Hal kedua yang perlu kita camkan dalam mengasuh anak ialah MAKIN SAMA ATAU KONSTAN FIGUR PENGASUH, MAKIN EFEKTIF PENGASUHAN. Mengasuh anak dimulai sejak anak dalam kandungan. Sewaktu orangtua berbicara kepada anak dan membelai-belainya dalam kandungan, sesungguhnya orangtua sudah mulai mengasuh anak. Pada masa itulah anak mulai mengenali suara orangtuanya. Setelah anak lahir, seyogianya suara yang samalah yang didengar oleh anak, bukan hanya pada bulan-bulan pertama, tetapi juga pada tahun-tahun pertama setelah kelahiran. Dinaungi oleh suara yang sama — yang menyenangkan dan aman — anak membangun KETERBIASAAN (familiarity) terhadap figur pengasuh. Keterbiasaan bukanlah pengenalan; keterbiasaan lebih dari pengenalan. Bukan saja anak tahu dan mengenali suara pengasuhnya, anak pun memahami suara itu; ia tahu perasaan yang berada di balik suara.

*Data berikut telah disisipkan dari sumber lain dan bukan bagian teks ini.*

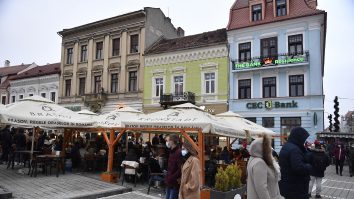 Unele restaurante din Brașov oferă 10% reducere celor vaccinați Acțiunea lansată este unică în Europa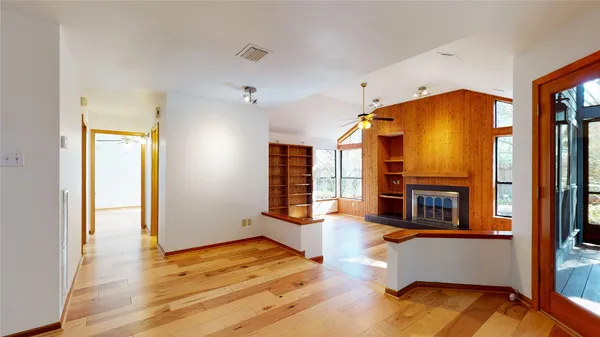 $3,000 | 11 Sand Piper Place, The Woodlands, TX 77381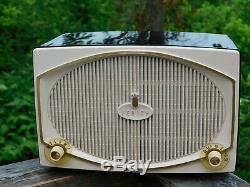 Vintage 1959 Zenith B513-Y Tube AM Radio Plastic Case Model Radio Works Great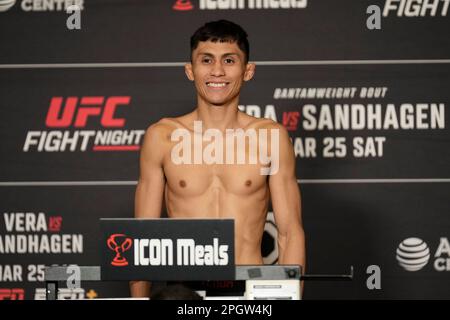SAN ANTONIO, TX, USA. 24. März 2023. SAN ANTONIO, TX - 24. März: Victor Altimirano betritt die Waage für die offiziellen Wiegevorgänge im Westin San Antonio North für die UFC Fight Night – Vera vs Sandhagen – am 24. März 2023 in SAN ANTONIO, USA. (Kreditbild: © Louis Grasse/PX Imagens via ZUMA Press Wire) NUR REDAKTIONELLE VERWENDUNG! Nicht für den kommerziellen GEBRAUCH! Stockfoto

Ia tahu mana kala orangtua letih, marah, mengasihinya, senang, serius atau bercanda; dan perlahan tetapi pasti anak mulai beradaptasi dengan pemahaman itu. Sebagai contoh, sewaktu anak tahu bahwa orangtua serius dan berniat menghukumnya, iapun berhati-hati dan memutuskan untuk taat. Tatkala orangtua bercanda, ia pun balas bercanda. Interaksi yang didasari atas dasar pemahaman yang mendalam dan tepat akan perasaan orangtua akhirnya berkembang menjadi alas pengasuhan. Ketika orangtua marah, anak takut; manakala orangtua sedih, anak berhati-hati agar tidak menambah kesedihan. Di dalam relasi ini pengasuhan menjadi tepat sasaran alias efektif. Orangtua menjadi figur pengasuh yang konstan dan ajeg; anak tidak perlu bingung membedakan manakah orangtua dan manakah pengasuh; siapakah yang harus ditaati dan siapakah yang boleh dilawan. Anak menerima kasih, disiplin, dan arahan dari sumber yang sama.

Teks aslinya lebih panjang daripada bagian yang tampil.